## Data section
------

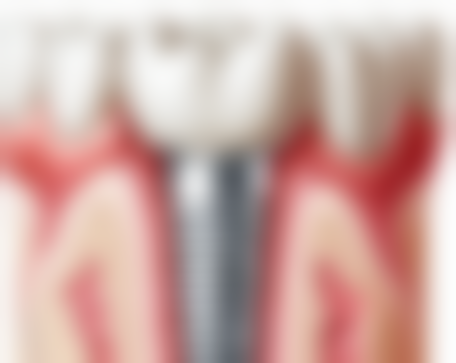 濮阳雅美口腔诊所王好星医生技术好不好？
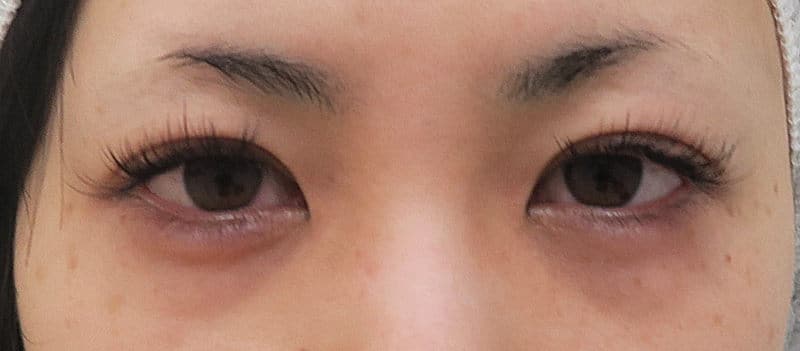 鼻尖縮小＋軟骨移植＋ストラット、鼻翼縮小（内＋外）　３ヶ月後　正面のBefore写真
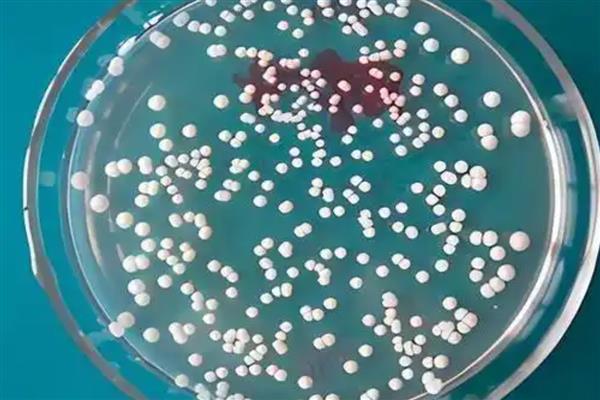 酵母菌怎么生殖,有芽殖、裂殖等4种方式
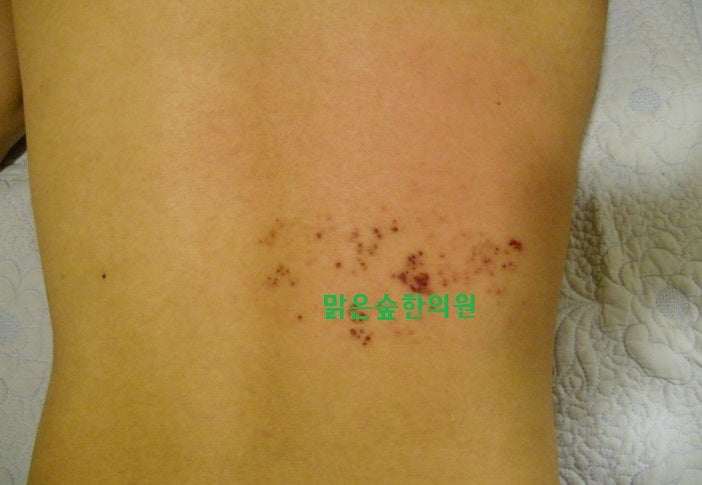 대상포진 따끔거림과 통증 - 회복 후 대상포진후신경통(대상포진후유증) 관리에 대해서 : 네이버 블로그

------

## Exercise aim
Without changing a single word, set down all of the material again and leave out its pictures.

## Finished exercise
 濮阳雅美口腔诊所王好星医生技术好不好？
 鼻尖縮小＋軟骨移植＋ストラット、鼻翼縮小（内＋外）　３ヶ月後　正面のBefore写真
 酵母菌怎么生殖,有芽殖、裂殖等4种方式
 대상포진 따끔거림과 통증 - 회복 후 대상포진후신경통(대상포진후유증) 관리에 대해서 : 네이버 블로그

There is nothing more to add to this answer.